Érase una vez un alfabeto que escribía muy contento y servía a millones de personas.
Tenía 27 letras, repartidas en 5 vocales y 22 consonantes.
Algunas consonantes sonaban iguales, pero los hablantes se las apañaban para memorizar cuándo usar una u otra.
Incluso había una muy especial que podía sonar de dos maneras distintas según con quién anduviera en cada caso, pero esa es otra historia.
El caso es que en un momento dado, poco a poco, algunas letras comenzaron a cambiar. Querían sonar distinto, emulando a sus congéneres.
Y como el idioma era muy progre, y la Real Academia está para registrar y no legislar, nadie se interpuso.
Así algunas vocales empezaron a imitar a las consonantes.
Al revés también.
Pero lo más duro, lo que más confusión trajo, lo que hizo la mayoría, fue aspirar a convertirse en sílabas.
Sí, sílabas.
Las consonantes se esforzaron para ser también vocales, y viceversa.
El resultado te lo puedes imaginar…
Un auténtico galimatías.
Las vocales que se habían vuelto casi consonantes no encontraban pareja.
Las consonantes que se habían vuelto vocales protestaban todo el día porque ya no quedaban vocales de verdad.
Y las letras que habían intentado ser sílabas…
Se sentían fatal.
No encontraban su propósito.
No entendían qué les pasaba, qué sentían.
Lo peor del caso es que las pocas letras que se mantuvieron fieles a sus principios eran tachadas de leteropatriarcales.
Falolétricas.
Fonefachas.
Un despropósito, vamos.
Ningún bando estaba contento.
Aquel idioma cada vez producía menos textos, y empezaron a llegar forasteros, escritos en otros idiomas, algunos con las letras de siempre, otros con caracteres nuevos.

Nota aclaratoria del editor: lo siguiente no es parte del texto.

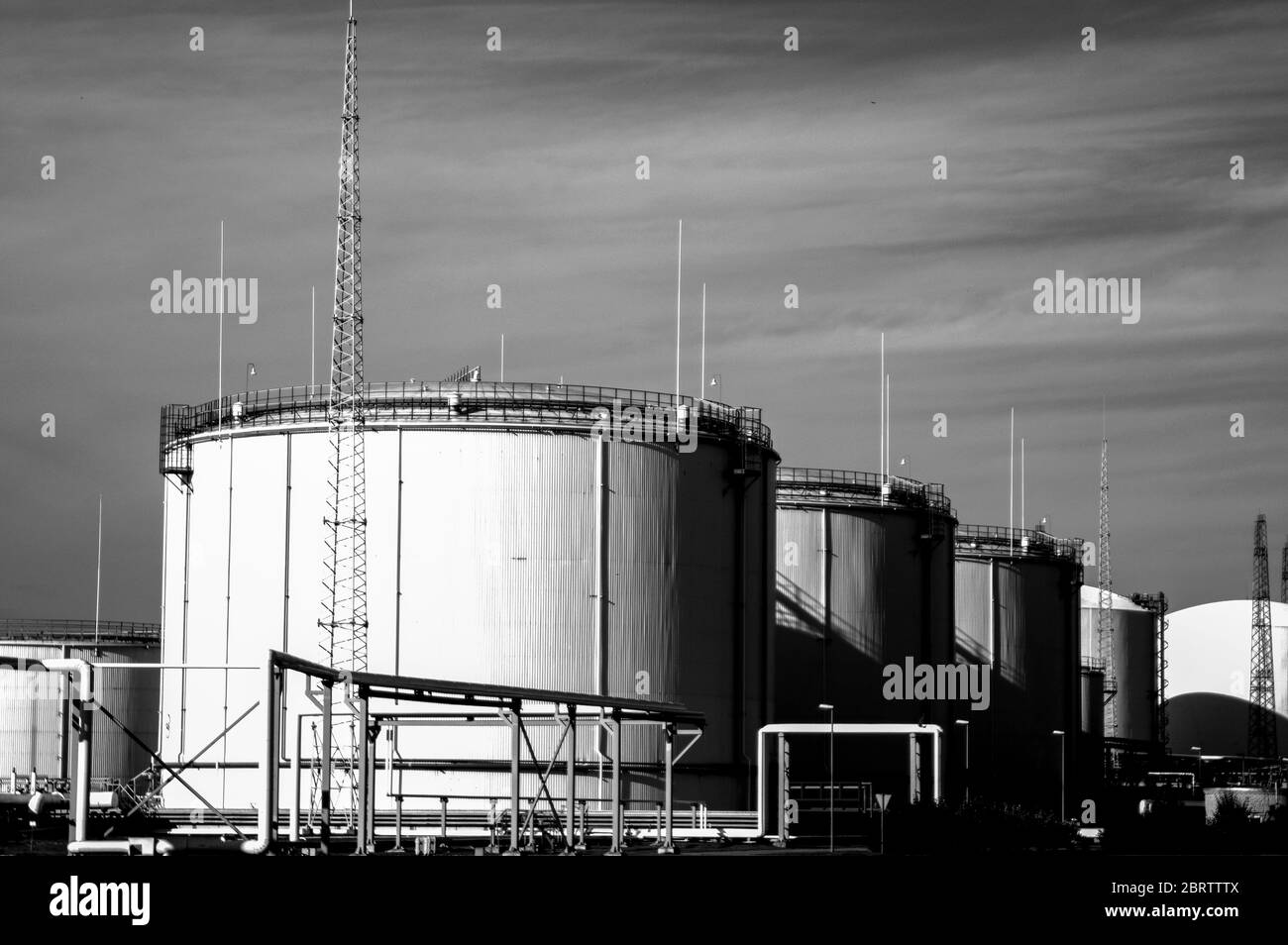 Crude oil tank in the oil refinery. Storage tanks for oil. Tanks for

Los usuarios de aquel (ahora) triste alfabeto, cuando se dieron cuenta, tenían que usar otro, y añoraban su vida anterior.

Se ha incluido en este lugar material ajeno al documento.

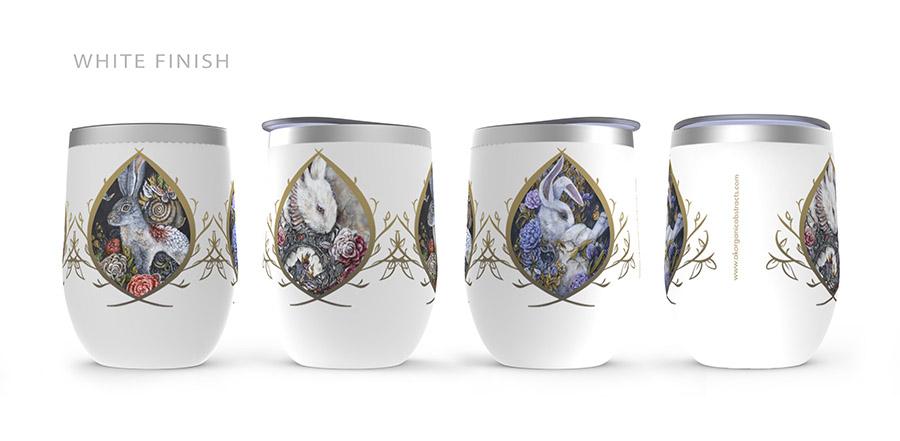 The Bunny Collection Wine Tumbler drinkware AK Organic Abstracts 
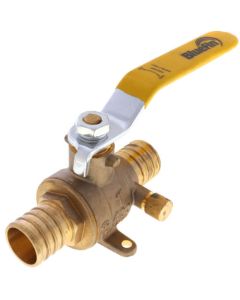 1" PEX Ball Valve w/ Waste Drain & Drop Ear Elbow (Lead Free)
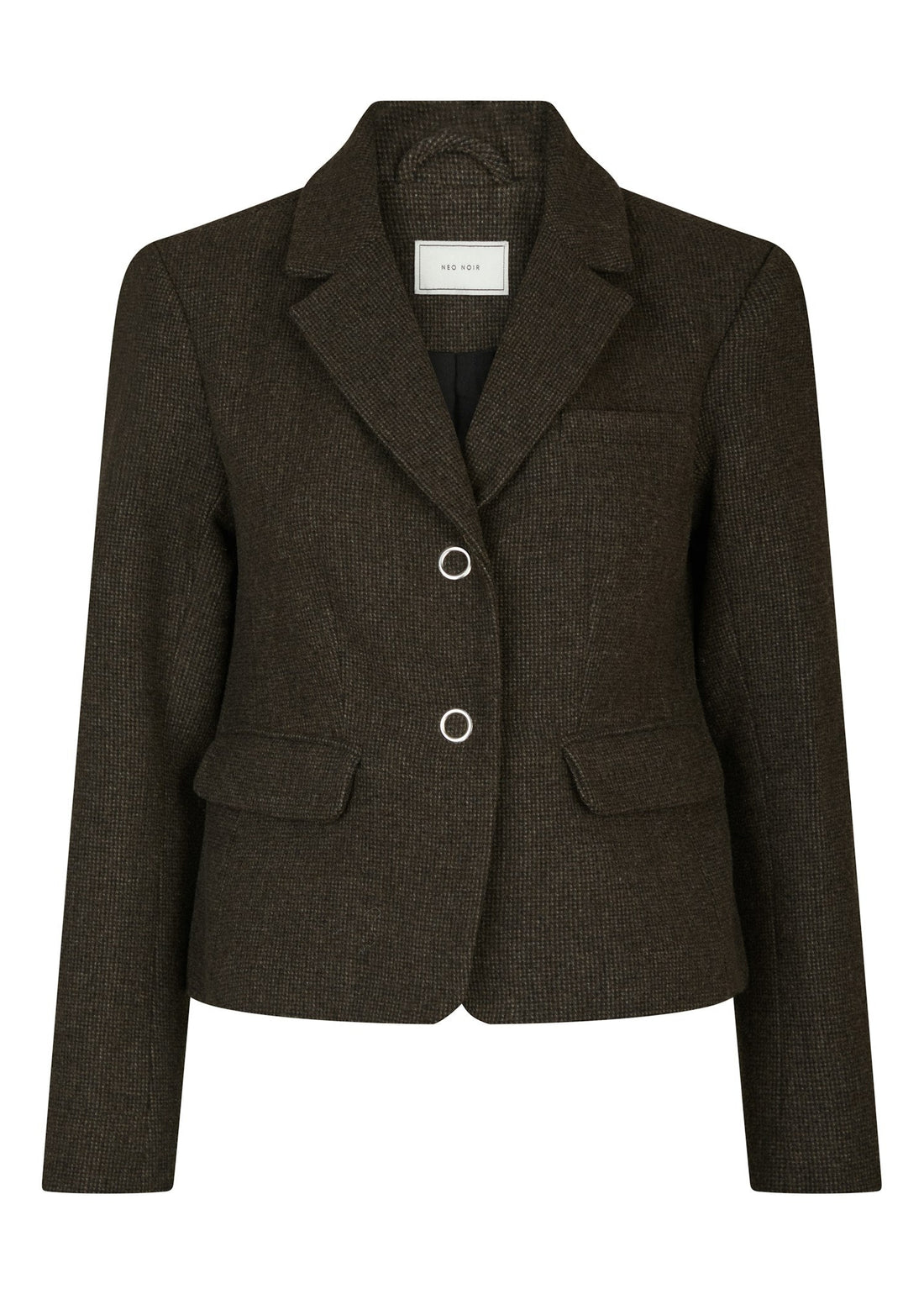 Neo Noir Waed Mini Check Blazer Brown Melange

Sus dobles sentidos, sus chistes, sus piropos y palabras guarras.
Oh, y sus tacos (palabrotas, c0ñ0).
Qué insultos más magníficos.
Lo peor del caso es que no se explicaban cómo habían llegado a esa situación.
Si nadie había impuesto nada.
Sí, en las películas se veían a las letras cambiar como si nada.
Las más famosas eran copiadas, imitadas, ensalzadas.
Pero no hubo nadie moviendo los hilos.
¿O sí?
Nunca lo sabremos, de hecho eso no importa.
Cada letra hizo lo que quiso.
Haciendo uso de su libertad.
El problema es que lo hicieron sin saber qué hacían, sin reflexionar, sin observarse.
Era lo que tocaba.
Lo que hacían todas las demás letras.
La libertad tiene un precio, querido mequetrefe.
Como decía el tío Ben, el de Spiderman, un gran poder conlleva una gran responsabilidad.
O algo así.
Pues eso.
Haz lo que quieras con tu vida y tu fonema.
Pero por Gutenberg, analiza por qué haces lo que haces y qué consecuencias acarrearán tus actos.
Eso, y que no me hagas caso.
PD: hoy repito con la Alan Sans (no me da tiempo a analizar las novedades de Google Fonts, lanzan demasiadas al mes, qué brutos). Tiene unas terminales redondas muy guapas, le dan un toque cálido pero no tiene itálica…
PD2: si te preguntas por qué he usado una fábula para explicarte esto, la respuesta está en la pregunta.